Return the listing below unchanged, minus its pictures.

··· MATERIAL PROVIDED

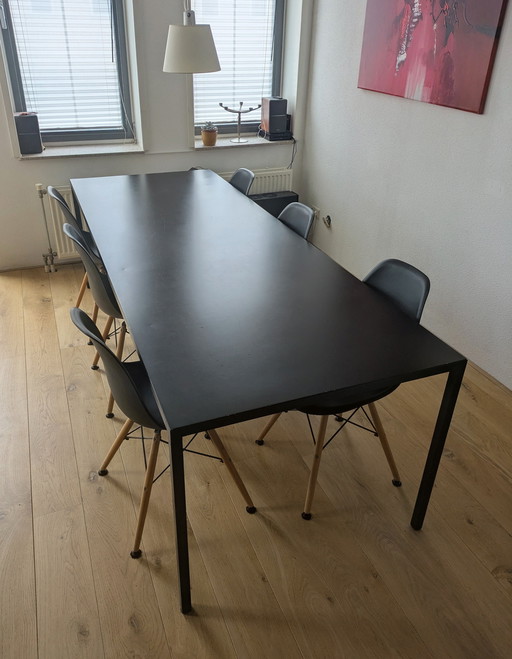 Desalto Helsinki 30 table, satin metal, 90 x 240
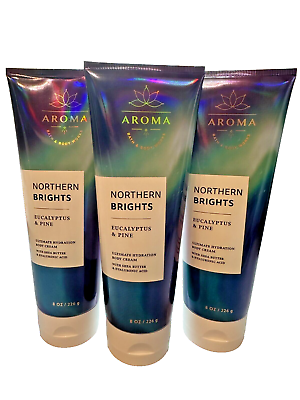 #ad Bath amp; Body Works LOT 3 Eucalyptus amp; Pine Body Cream Aroma Northern Brights 8oz $37.99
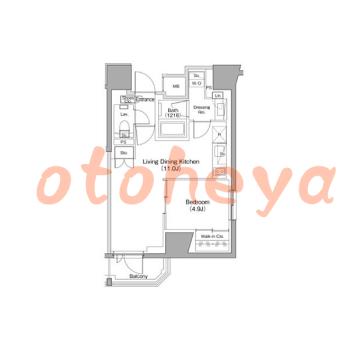 楽器可の賃貸物件 1 LDK 16.3万円の図面１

······

RESPONSE TO THIS TASK.
 Desalto Helsinki 30 table, satin metal, 90 x 240
 #ad Bath amp; Body Works LOT 3 Eucalyptus amp; Pine Body Cream Aroma Northern Brights 8oz $37.99
 楽器可の賃貸物件 1 LDK 16.3万円の図面１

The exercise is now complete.